=== Section Start ===

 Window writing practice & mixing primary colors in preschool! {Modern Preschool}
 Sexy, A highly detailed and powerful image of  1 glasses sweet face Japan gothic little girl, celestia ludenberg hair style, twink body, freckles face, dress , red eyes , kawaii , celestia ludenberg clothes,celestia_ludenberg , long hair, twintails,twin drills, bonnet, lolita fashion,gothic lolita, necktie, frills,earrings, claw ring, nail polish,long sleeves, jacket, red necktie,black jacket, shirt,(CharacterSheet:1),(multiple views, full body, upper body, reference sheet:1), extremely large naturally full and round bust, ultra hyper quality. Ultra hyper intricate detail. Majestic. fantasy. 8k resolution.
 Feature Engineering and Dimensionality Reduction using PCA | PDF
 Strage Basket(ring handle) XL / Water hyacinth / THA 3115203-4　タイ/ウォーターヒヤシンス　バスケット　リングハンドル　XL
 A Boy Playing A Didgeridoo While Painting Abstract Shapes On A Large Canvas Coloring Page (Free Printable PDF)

=== Section End ===
=== Section Start ===

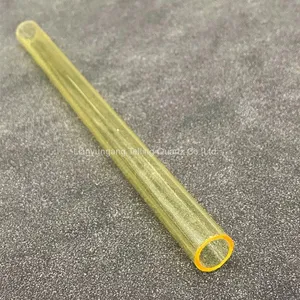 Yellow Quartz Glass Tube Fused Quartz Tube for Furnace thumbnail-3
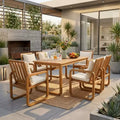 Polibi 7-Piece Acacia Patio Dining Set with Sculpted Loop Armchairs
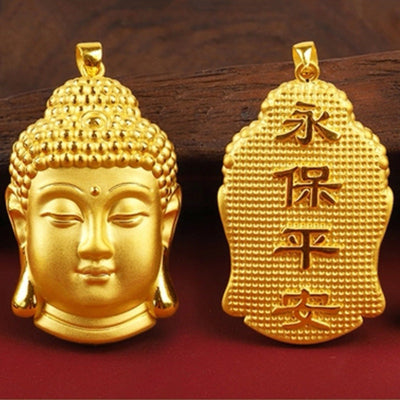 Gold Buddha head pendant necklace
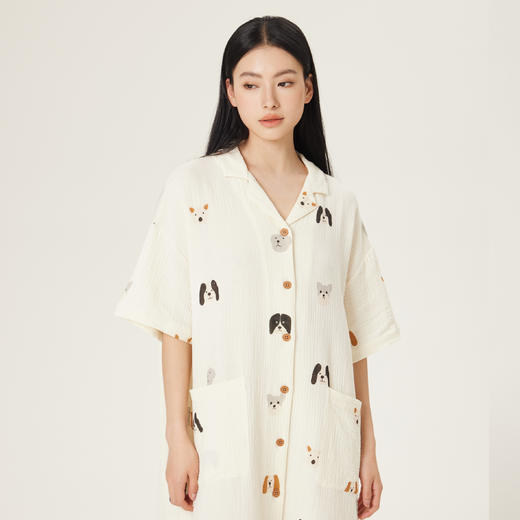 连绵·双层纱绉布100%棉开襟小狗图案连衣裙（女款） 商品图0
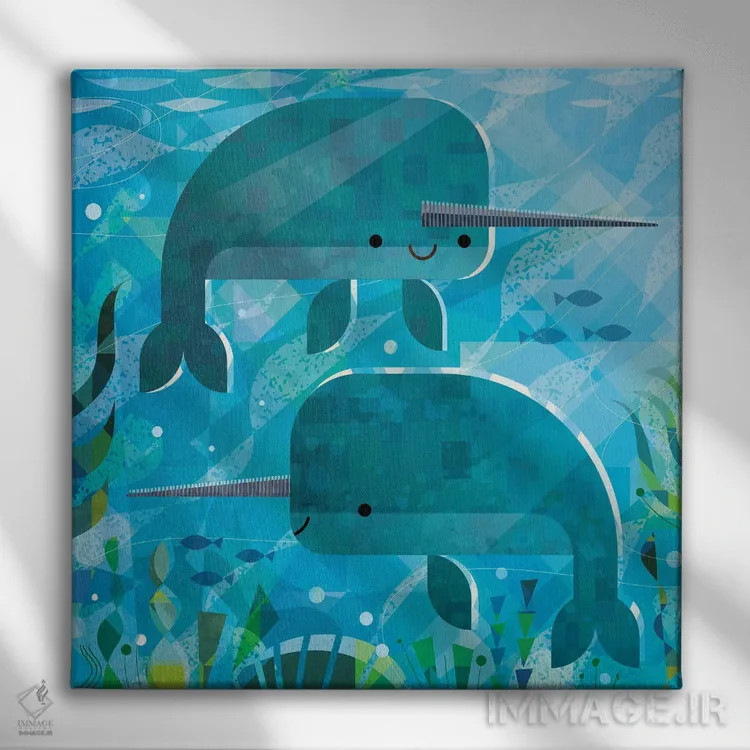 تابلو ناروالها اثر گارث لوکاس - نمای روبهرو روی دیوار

=== Section End ===
=== Section Start ===

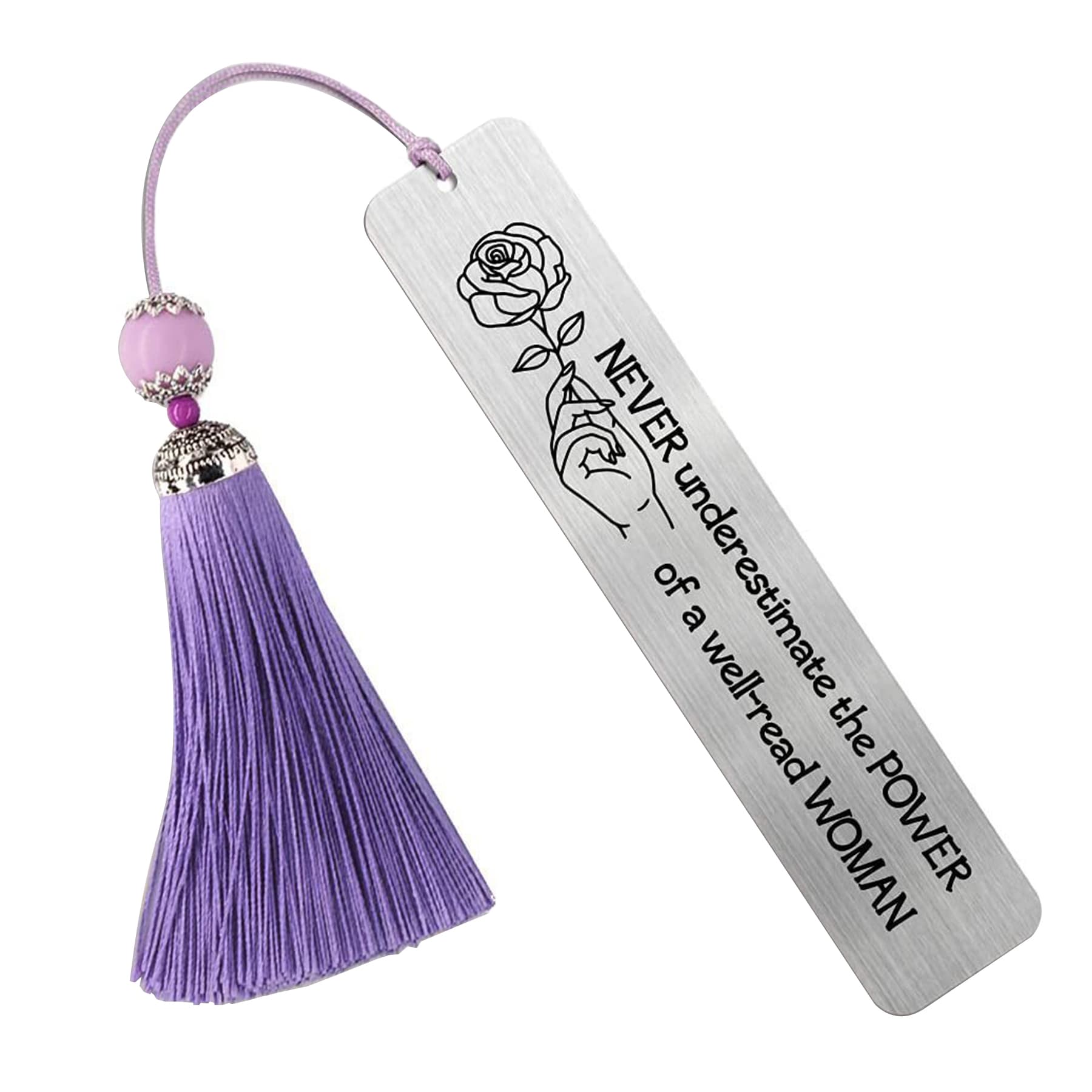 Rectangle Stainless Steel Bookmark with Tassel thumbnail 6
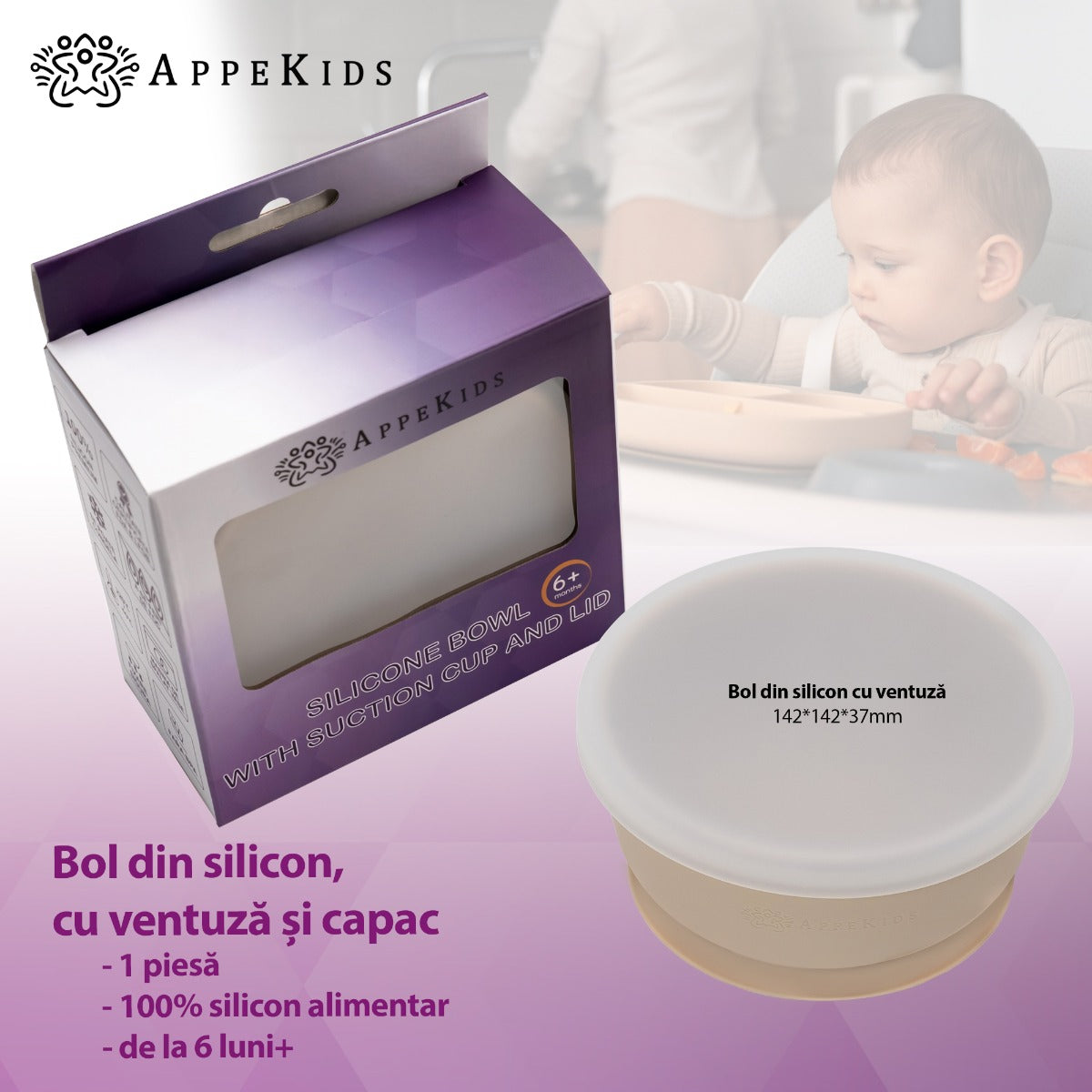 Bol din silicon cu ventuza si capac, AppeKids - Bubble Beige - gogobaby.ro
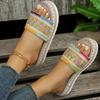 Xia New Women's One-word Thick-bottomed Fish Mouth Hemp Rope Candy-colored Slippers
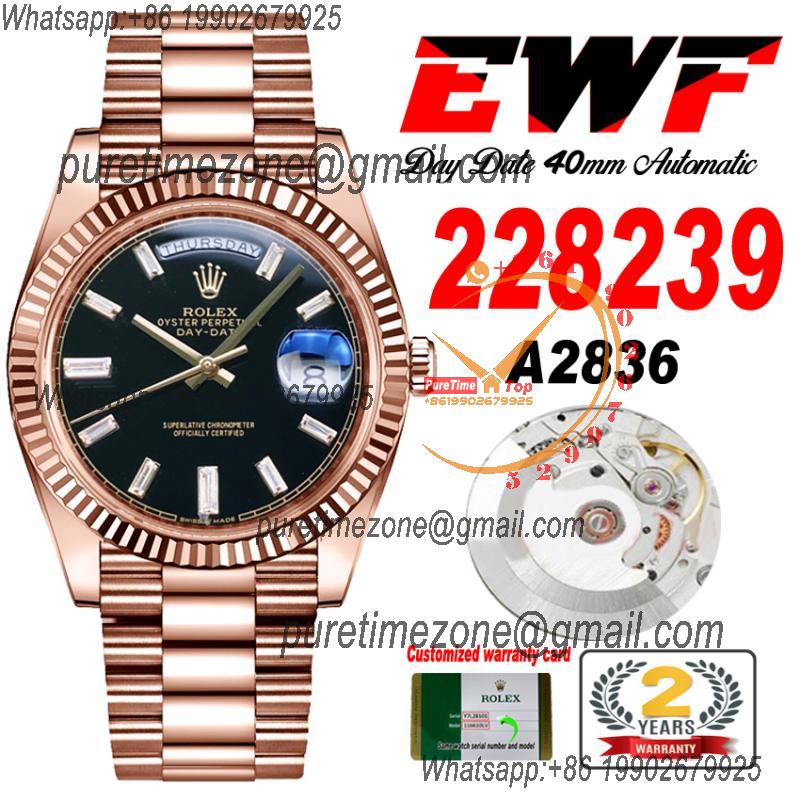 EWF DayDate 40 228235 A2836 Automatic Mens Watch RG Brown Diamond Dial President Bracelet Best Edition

=== Section End ===

■ **TASK TO CARRY OUT**
Working from the material above, restate word for word the lines between the line with "Strage Basket(ring handle)" and the line with "A Boy Playing", both included, and only those.

■ **ANSWER AREA**
 Strage Basket(ring handle) XL / Water hyacinth / THA 3115203-4　タイ/ウォーターヒヤシンス　バスケット　リングハンドル　XL
 A Boy Playing A Didgeridoo While Painting Abstract Shapes On A Large Canvas Coloring Page (Free Printable PDF)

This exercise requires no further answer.